According to Chinese Foreign Ministry spokeswoman Hua Chunying on Monday, some countries are treating cyberspace as a new battlefield, justifying their efforts to build up their own cyber arsenals by making their own rules on how it should be treated.
Her comment was made in response to a question regarding an alleged Chinese cyber attack directed at German organizations and businesses.
The accusation came after allegations from the United States of Chinese hacking activities.
Instead of unfounded finger-pointing, relevant countries and governments should consider more measures to promote international cooperation to maintain cyberspace security, Chinese Internet expert Fang Xingdong, who founded bokee.com, said.
Yang Hongxi, a research fellow of the China Center for Contemporary World Studies, agrees.
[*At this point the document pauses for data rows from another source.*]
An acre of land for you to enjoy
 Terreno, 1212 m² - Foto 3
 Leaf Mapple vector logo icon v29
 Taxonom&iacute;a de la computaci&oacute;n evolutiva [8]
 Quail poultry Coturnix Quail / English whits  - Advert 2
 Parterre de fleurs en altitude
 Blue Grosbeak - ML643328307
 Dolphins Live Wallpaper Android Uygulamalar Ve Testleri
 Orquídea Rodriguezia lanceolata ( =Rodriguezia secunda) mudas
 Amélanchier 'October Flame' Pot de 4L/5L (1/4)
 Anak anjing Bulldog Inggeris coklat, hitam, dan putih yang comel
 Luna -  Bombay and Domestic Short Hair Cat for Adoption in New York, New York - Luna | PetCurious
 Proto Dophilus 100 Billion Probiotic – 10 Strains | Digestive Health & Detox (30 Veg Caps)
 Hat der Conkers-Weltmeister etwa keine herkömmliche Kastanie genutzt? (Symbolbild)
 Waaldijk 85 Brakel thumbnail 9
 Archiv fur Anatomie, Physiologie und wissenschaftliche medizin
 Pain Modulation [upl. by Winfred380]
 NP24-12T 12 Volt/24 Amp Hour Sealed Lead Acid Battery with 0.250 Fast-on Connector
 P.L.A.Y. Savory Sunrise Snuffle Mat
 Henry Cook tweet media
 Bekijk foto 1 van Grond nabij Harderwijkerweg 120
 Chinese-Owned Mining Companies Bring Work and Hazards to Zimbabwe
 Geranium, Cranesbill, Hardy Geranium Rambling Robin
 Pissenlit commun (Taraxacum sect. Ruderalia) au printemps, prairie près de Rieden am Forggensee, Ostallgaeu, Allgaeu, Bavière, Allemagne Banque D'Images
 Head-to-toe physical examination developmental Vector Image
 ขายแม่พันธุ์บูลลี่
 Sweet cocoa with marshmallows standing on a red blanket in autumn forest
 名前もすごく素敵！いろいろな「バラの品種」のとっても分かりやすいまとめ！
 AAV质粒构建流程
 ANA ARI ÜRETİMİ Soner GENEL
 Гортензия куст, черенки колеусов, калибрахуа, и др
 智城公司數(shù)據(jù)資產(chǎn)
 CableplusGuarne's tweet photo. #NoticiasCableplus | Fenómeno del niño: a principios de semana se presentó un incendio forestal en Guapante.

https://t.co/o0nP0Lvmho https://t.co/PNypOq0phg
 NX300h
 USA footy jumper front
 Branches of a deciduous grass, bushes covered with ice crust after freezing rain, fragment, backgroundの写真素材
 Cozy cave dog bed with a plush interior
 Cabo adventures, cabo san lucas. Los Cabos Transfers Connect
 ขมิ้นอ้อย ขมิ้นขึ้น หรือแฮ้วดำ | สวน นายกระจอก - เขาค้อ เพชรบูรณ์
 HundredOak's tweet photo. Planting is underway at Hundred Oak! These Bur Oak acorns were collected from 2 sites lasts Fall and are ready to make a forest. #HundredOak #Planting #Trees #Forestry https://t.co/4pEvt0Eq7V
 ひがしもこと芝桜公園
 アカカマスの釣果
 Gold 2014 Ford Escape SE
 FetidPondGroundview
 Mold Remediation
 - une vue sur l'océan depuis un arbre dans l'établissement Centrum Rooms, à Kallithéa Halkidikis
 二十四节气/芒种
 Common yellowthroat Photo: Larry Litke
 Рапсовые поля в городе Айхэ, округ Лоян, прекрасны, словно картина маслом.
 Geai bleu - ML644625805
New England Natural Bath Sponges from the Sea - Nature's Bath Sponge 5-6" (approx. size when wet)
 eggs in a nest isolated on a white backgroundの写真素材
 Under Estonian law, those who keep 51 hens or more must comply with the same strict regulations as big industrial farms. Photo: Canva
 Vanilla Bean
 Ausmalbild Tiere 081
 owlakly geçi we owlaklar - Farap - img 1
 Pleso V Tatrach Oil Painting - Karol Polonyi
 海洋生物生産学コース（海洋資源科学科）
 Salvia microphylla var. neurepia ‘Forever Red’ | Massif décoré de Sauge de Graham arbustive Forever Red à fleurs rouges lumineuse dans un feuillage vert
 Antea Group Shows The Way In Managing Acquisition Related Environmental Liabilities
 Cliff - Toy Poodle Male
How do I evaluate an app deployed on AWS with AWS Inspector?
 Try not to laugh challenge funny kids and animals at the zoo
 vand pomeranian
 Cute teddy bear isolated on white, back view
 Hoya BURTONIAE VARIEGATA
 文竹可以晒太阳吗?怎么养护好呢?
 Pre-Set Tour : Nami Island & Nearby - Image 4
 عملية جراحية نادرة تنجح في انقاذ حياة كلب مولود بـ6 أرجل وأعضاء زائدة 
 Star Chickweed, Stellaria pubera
He said cooperation is a more effective way in curbing transnational cyber crimes and attacks.
However, such cooperation should only be based on the premise of mutual respect and refraining from malicious distortion of facts and intentional smearing other countries' images, Yang said.
Experts noted that China itself suffers from Internet hacking rather than being a major source of such attacks.
A report released this month by the National Computer Network Emergency Response Coordination Center (CNCERT), a Chinese Internet security center, showed that a total of 73,286 overseas IPs were involved in hijacking nearly 14.2 million mainframes in China via Trojan or Botnet last year.
The country's Internet also suffers other problems, including the spreading of malicious codes and attacks on websites from overseas.
It is natural that there are some individual hackers in China, but so far there is no evidence that such attackers are supported by the government, Fang said.
On the contrary, the government has been taking vigorous efforts to crack down on online crimes and hacking attacks, he said.
Yang criticized the claims of government-backed cyber attacks from China as a new argument of the "China threat" rhetoric that aims to contain the country.
The "China threat" hype is also an instrument for the United States to make an online alliance with relevant countries to increase its own control over the Internet, said Ma Gang, professor and a national security expert with the People's Liberation Army (PLA) National Defense University.
Ma said that such intention is a display of a Cold War mentality stretching from conventional battlefields to cyberspace.
Fang said, "In fact, in terms of history and level of 'expertise' of hacker attacks, the United States and Germany are far more developed than China."
According to the CNCERT report, the United States appeared to be the largest source of overseas hackers targeting China's Internet.
A total of 17.6 percent of the controlling terminals of Trojan and Botnet attacks from abroad are located in the United States and out of the 14.2 million victim mainframe IPs in China, 10.5 million, or 74 percent, were under control by servers in the United States, the report said.
Hacker IPs from Germany also controlled 778,000 mainframe IPs in China, according to the report.
Also, hacker IPs from the United States were found to be responsible for 22.9 percent of the attacks directed at China's websites, it said.
It is very likely that the United States is using the "Chinese hacker" argument as a tool to distract the public's attention from its own liability for cyberspace security problems, Fang added.